Requirement: Locate, in the data below, the line that contains "Nikon D90 sample photo. Bugs photography" and the line that contains "Myosotis Dissitiflora Grandiflora"; reproduce exactly those two lines and every line between them, nothing more.

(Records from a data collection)
-- -- --
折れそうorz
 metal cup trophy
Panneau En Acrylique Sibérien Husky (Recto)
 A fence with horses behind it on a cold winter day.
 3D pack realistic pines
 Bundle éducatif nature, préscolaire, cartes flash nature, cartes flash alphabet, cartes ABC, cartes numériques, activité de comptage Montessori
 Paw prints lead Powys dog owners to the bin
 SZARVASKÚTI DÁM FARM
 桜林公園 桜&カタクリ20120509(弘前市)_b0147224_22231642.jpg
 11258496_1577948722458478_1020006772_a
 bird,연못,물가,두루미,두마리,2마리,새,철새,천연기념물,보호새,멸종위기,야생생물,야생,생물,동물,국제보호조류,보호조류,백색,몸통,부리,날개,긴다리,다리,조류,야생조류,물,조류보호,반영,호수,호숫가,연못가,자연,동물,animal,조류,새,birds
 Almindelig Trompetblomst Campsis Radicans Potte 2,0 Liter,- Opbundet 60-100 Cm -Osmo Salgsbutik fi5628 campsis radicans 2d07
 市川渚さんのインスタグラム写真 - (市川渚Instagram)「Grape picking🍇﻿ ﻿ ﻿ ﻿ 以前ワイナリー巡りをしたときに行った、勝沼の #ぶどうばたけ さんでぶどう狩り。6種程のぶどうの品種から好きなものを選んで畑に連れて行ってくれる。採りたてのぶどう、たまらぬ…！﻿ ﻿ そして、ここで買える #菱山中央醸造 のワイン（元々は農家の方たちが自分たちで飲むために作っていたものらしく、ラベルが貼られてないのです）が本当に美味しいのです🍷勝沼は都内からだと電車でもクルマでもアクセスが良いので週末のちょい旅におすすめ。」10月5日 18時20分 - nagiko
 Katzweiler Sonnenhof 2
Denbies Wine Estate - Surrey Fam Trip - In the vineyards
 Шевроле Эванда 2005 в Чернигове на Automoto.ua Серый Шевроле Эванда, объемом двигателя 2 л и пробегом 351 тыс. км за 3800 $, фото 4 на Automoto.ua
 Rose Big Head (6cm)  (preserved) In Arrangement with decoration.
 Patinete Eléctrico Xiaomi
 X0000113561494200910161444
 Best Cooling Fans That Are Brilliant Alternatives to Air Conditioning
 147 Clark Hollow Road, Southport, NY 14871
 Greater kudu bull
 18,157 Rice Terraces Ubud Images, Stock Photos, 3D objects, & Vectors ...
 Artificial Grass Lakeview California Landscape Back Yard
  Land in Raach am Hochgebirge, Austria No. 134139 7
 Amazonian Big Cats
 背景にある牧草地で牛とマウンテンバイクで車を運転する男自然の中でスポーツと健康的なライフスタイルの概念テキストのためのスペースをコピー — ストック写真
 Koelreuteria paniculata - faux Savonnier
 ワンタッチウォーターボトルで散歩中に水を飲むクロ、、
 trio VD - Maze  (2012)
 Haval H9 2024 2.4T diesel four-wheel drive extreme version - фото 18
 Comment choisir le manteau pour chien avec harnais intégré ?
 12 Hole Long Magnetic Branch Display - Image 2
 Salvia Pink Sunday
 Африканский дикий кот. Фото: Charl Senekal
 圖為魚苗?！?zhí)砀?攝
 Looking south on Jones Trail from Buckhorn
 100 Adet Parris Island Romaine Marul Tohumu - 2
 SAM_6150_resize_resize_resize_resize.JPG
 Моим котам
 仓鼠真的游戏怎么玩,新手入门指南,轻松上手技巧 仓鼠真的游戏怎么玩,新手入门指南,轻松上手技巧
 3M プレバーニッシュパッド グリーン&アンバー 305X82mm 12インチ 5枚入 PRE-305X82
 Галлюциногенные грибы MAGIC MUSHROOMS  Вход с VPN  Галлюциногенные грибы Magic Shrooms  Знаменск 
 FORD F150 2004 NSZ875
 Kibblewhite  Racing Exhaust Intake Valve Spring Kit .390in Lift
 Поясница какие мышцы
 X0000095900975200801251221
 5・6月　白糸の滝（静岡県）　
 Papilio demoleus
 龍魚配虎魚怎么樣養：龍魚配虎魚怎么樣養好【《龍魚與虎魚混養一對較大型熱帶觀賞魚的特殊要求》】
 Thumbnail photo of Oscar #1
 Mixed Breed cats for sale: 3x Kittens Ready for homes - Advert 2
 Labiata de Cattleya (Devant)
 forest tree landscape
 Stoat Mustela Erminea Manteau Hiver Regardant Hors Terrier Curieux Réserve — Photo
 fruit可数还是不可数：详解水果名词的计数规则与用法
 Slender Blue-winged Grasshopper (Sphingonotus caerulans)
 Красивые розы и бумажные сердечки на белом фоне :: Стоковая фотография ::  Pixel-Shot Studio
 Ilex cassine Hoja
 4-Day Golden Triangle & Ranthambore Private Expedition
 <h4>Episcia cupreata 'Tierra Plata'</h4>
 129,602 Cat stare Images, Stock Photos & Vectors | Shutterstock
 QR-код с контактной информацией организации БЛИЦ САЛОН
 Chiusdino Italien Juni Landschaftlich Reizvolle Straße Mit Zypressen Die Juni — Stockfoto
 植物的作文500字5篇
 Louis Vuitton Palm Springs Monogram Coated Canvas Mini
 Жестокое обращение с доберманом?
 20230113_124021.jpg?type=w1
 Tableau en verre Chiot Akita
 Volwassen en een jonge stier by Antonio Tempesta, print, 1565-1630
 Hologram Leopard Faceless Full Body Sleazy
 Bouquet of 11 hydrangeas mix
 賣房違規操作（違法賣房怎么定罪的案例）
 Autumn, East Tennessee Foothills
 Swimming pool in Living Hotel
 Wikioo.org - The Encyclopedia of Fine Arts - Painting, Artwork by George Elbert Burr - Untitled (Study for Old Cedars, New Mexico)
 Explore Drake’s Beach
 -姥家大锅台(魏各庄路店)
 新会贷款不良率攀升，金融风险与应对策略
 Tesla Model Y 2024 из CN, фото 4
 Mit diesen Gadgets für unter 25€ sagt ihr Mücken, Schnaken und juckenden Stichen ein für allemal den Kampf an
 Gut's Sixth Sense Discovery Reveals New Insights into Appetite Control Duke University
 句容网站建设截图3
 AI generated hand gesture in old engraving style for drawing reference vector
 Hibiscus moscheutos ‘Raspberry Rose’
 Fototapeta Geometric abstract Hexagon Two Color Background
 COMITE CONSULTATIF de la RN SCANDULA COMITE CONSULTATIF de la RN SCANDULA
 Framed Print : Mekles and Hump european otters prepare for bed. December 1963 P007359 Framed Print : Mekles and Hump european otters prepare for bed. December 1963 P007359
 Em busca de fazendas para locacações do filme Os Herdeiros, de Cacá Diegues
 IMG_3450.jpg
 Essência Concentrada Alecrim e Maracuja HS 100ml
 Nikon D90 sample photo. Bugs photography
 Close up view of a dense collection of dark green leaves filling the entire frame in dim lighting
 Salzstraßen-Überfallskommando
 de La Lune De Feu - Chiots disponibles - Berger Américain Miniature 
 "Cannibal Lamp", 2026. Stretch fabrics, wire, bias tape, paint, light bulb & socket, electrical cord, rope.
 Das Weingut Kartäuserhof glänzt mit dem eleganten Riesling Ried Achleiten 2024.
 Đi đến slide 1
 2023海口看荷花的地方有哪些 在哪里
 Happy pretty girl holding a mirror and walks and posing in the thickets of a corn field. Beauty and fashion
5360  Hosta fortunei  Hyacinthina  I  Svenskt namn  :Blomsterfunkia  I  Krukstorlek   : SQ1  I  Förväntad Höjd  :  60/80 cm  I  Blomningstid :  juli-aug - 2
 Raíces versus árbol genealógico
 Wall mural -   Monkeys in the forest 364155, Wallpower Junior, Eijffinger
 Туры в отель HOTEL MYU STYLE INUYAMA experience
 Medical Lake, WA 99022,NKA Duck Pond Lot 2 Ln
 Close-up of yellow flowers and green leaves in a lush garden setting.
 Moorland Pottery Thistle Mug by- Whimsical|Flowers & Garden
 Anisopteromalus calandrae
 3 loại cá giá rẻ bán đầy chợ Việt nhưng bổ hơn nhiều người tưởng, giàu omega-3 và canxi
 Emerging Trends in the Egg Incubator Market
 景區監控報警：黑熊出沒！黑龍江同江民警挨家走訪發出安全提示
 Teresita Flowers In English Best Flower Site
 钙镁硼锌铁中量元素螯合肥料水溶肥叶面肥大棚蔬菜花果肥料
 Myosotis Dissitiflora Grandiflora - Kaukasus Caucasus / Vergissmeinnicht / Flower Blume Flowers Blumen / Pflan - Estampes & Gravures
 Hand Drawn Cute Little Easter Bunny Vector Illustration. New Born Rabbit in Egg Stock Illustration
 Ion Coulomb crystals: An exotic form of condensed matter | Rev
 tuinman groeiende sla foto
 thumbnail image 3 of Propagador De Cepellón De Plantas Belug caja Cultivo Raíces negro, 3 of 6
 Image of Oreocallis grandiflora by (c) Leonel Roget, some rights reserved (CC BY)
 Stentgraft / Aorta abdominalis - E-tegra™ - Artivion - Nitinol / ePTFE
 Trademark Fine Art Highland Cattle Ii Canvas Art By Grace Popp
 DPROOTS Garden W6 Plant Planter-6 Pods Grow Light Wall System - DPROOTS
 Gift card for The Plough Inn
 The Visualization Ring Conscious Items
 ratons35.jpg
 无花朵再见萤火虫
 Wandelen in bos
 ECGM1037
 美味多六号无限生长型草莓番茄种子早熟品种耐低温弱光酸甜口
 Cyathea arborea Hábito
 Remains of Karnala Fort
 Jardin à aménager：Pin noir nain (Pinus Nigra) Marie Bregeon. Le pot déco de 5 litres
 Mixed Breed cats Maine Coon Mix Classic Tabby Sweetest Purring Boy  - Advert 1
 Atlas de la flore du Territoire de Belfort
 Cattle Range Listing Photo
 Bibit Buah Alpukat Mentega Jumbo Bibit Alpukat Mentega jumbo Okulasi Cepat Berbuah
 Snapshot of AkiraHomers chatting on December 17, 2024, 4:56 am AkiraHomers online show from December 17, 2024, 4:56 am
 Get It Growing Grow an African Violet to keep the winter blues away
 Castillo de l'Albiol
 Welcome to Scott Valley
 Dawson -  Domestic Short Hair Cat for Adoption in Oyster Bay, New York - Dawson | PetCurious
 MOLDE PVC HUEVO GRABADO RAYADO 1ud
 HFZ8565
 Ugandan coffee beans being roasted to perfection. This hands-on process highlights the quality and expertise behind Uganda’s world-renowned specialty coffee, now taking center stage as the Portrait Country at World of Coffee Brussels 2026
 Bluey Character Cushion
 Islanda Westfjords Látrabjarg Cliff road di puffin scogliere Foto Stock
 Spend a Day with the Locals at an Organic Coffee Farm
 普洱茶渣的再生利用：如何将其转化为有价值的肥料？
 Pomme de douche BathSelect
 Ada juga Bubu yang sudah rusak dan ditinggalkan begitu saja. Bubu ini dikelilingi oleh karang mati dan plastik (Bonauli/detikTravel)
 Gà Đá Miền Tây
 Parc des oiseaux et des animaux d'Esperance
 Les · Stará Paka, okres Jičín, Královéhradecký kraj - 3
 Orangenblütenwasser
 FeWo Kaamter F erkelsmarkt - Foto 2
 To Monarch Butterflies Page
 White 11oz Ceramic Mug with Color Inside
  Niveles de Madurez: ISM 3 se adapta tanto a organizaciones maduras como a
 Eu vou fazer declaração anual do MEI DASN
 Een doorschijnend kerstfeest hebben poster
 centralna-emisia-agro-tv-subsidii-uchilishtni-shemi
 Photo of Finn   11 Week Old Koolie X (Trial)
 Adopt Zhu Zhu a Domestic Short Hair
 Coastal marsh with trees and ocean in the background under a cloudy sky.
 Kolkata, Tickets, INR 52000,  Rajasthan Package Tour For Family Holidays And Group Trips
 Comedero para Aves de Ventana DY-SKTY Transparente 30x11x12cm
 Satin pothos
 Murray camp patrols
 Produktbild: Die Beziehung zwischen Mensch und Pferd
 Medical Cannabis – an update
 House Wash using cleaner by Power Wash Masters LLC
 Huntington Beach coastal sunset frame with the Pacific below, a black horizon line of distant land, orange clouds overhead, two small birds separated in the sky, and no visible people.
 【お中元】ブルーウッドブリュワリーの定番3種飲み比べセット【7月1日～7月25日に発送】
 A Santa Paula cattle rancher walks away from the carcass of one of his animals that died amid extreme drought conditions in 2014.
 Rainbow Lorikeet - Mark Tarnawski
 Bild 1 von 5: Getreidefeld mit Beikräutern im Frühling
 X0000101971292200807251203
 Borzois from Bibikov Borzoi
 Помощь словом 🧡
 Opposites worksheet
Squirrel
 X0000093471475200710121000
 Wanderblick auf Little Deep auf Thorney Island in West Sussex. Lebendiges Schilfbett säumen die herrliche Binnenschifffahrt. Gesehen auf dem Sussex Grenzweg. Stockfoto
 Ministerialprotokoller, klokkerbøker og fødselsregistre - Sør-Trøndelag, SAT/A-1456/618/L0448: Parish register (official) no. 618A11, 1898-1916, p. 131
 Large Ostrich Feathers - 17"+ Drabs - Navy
-- -- --
Written response:
 Nikon D90 sample photo. Bugs photography
 Close up view of a dense collection of dark green leaves filling the entire frame in dim lighting
 Salzstraßen-Überfallskommando
 de La Lune De Feu - Chiots disponibles - Berger Américain Miniature 
 "Cannibal Lamp", 2026. Stretch fabrics, wire, bias tape, paint, light bulb & socket, electrical cord, rope.
 Das Weingut Kartäuserhof glänzt mit dem eleganten Riesling Ried Achleiten 2024.
 Đi đến slide 1
 2023海口看荷花的地方有哪些 在哪里
 Happy pretty girl holding a mirror and walks and posing in the thickets of a corn field. Beauty and fashion
5360  Hosta fortunei  Hyacinthina  I  Svenskt namn  :Blomsterfunkia  I  Krukstorlek   : SQ1  I  Förväntad Höjd  :  60/80 cm  I  Blomningstid :  juli-aug - 2
 Raíces versus árbol genealógico
 Wall mural -   Monkeys in the forest 364155, Wallpower Junior, Eijffinger
 Туры в отель HOTEL MYU STYLE INUYAMA experience
 Medical Lake, WA 99022,NKA Duck Pond Lot 2 Ln
 Close-up of yellow flowers and green leaves in a lush garden setting.
 Moorland Pottery Thistle Mug by- Whimsical|Flowers & Garden
 Anisopteromalus calandrae
 3 loại cá giá rẻ bán đầy chợ Việt nhưng bổ hơn nhiều người tưởng, giàu omega-3 và canxi
 Emerging Trends in the Egg Incubator Market
 景區監控報警：黑熊出沒！黑龍江同江民警挨家走訪發出安全提示
 Teresita Flowers In English Best Flower Site
 钙镁硼锌铁中量元素螯合肥料水溶肥叶面肥大棚蔬菜花果肥料
 Myosotis Dissitiflora Grandiflora - Kaukasus Caucasus / Vergissmeinnicht / Flower Blume Flowers Blumen / Pflan - Estampes & Gravures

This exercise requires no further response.